From here on in the world is dry
reservoirs just wading pools choked with duckweed
abandoned beehives grow dull and papery
their cells lacquered with remains of nectar
Driving on, struggling to stay awake, counting
farm roads she crosses from Amarillo to Colorado,
she sees braided rivers give up their strain
as they yield to the yellowing soil
She sings to herself, her Beatitudes:
“Blessed is the struggle, this aching dry land crawl,
For I will save my life and more by this test.
Blessed are the doctors who risk redresses of the arrogant,
For they will live in the shrinking province of the Just on Earth,
Blessed are the labors I gave and those I cannot,
For I alone will own my work and my grief.”

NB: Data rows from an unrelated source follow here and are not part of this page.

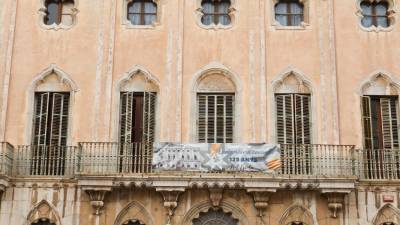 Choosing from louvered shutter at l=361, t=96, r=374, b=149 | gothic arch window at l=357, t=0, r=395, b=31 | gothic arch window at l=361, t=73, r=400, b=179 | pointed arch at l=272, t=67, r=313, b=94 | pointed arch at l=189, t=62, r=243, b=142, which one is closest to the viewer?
gothic arch window at l=361, t=73, r=400, b=179

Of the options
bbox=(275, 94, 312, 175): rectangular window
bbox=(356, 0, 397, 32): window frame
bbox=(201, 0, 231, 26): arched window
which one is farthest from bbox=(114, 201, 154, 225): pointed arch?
bbox=(356, 0, 397, 32): window frame

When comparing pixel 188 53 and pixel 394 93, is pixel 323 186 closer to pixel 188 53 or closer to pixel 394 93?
pixel 394 93

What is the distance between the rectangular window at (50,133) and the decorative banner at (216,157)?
305 cm

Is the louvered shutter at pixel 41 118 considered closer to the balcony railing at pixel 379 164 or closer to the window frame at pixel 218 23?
the window frame at pixel 218 23

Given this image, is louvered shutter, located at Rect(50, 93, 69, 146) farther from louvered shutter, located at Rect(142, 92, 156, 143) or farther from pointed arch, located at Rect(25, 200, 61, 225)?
louvered shutter, located at Rect(142, 92, 156, 143)

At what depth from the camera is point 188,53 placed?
23.2m

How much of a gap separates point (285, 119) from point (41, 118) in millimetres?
7443

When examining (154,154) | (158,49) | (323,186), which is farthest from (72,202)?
(323,186)

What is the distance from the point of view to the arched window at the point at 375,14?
23844 millimetres

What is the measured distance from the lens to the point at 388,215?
21.7 metres

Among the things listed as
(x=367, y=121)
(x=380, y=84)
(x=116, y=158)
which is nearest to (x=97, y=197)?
(x=116, y=158)

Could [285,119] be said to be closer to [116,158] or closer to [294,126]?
[294,126]

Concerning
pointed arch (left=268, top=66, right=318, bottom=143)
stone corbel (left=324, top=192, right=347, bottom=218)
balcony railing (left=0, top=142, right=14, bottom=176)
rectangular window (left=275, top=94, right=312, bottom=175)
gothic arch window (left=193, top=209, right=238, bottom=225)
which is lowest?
gothic arch window (left=193, top=209, right=238, bottom=225)

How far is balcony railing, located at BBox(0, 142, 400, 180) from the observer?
21.7 meters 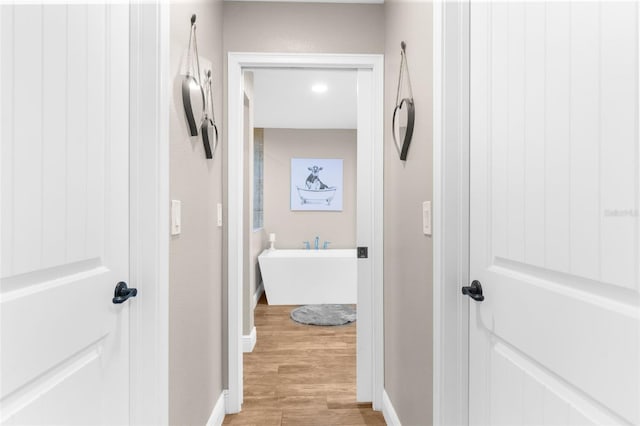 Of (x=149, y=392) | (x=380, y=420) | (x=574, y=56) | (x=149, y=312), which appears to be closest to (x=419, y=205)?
(x=574, y=56)

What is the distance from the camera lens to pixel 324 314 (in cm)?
393

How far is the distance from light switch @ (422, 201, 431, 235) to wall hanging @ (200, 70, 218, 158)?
3.31 feet

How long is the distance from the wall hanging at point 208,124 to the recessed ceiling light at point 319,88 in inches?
75.8

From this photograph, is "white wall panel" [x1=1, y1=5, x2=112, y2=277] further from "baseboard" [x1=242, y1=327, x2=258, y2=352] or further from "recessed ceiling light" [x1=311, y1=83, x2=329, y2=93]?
"recessed ceiling light" [x1=311, y1=83, x2=329, y2=93]

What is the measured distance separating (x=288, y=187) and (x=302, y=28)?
3.38 meters

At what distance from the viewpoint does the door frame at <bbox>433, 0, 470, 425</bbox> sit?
1159 mm

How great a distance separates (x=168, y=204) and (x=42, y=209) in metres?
0.47

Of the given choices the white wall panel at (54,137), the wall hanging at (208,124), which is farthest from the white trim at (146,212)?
the wall hanging at (208,124)

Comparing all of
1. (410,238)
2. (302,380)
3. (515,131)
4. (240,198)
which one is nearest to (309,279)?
(302,380)

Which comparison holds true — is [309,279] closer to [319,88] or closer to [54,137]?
[319,88]

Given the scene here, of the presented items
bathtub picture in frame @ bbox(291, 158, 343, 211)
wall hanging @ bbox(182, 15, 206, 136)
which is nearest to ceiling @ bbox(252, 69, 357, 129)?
bathtub picture in frame @ bbox(291, 158, 343, 211)

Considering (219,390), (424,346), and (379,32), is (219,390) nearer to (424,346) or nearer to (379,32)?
(424,346)

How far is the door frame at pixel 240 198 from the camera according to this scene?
79.5 inches

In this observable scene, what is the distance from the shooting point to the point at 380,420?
196cm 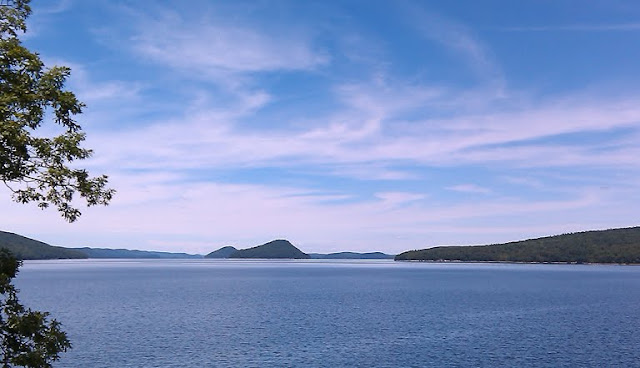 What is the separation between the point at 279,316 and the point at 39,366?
86361 mm

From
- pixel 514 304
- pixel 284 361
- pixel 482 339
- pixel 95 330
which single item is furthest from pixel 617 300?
pixel 95 330

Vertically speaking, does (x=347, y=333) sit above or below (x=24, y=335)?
below

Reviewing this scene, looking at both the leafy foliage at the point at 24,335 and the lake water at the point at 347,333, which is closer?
the leafy foliage at the point at 24,335

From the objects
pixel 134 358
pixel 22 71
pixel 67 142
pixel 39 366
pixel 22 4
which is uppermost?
pixel 22 4

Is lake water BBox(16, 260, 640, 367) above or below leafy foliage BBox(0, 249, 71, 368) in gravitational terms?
below

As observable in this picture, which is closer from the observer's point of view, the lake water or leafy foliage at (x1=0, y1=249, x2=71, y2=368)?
leafy foliage at (x1=0, y1=249, x2=71, y2=368)

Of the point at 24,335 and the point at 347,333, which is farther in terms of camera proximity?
the point at 347,333

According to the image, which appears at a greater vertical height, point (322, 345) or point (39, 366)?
point (39, 366)

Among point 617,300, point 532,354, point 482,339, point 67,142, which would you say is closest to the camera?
point 67,142

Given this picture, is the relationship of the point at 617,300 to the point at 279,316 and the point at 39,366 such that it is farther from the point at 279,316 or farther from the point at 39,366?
the point at 39,366

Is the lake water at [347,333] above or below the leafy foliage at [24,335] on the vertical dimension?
below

Vincent Hostak is a writer and media producer from Texas now living near the Front Range of Colorado south of Denver. His recently published poems are found in the journals Sonder Midwest and the Langdon Review of the Arts in Texas and as a contributor to the TPA. He writes & produces the podcast: Crossings-the Refugee Experience in America.
Why?
Thomas Hemminger
January 5, 2025
Why do we struggle
To say a kind word?
To offer a hand up?
To carry someone’s burden?
Why do we wrestle with
feeding our neighbor?
Or saying “Yes, I can help.”
Why do we argue
when it’s time to agree,
confusing debate with accomplishment,
and winning with progress?
Why are we working hard,
but not working it out?
Why?
Thomas Hemminger is an elementary music teacher living in Dallas, Texas. His work has been published locally in Dallas and in The Wilda Morris Poetry Challenge, The Texas Poetry Assignment, and The Poetry Catalog. His hero is Mr. Fred Rogers, the creator of Mr. Rogers’ Neighborhood. Through America’s favorite “neighbor,” Thomas learned the importance of loving others and giving them their own space and grace to grow.
Stony the Road *
Milton Jordan
December 15, 2024
Most of its population separated
by the state highway angling southeast
and long decades of Jim Crow redlines,
the town sat midway along the speeding
freeway route from Houston to Dallas.
In their pie-shaped, roadway-divided
neighborhoods, children heard the veiled language
of protest in hymns and old work songs,
the tales of their grandparents’ struggles
and vowed to be the ones who changed things.
Two truck stops at the interstate exit
and the Trailways Depot served those children,
now at Carver High School, organized to test
local eateries with actions they’d seen
in reports from Carolina and Tennessee.
On the courthouse square, though, and elsewhere
outside their own slice of town, cafes turned
the students away, and soon hired armed,
officially off-duty, deputies to clear
their peaceful stand-ins from cafe entrances.
New voices joined old songs of protest,
new bodies wearing handed-on sweatshirts
replaced classmates now in the county jail
on those rough courthouse square sidewalks
their grandparents had walked years before.
* James Weldon Johnson “Lift Every Voice and Sing”
Milton Jordan lives with Anne in Georgetown, Texas. He co-edited the first Texas Poetry Assignment anthology, Lone Star Poetry, Kallisto Gaia Press, 2022.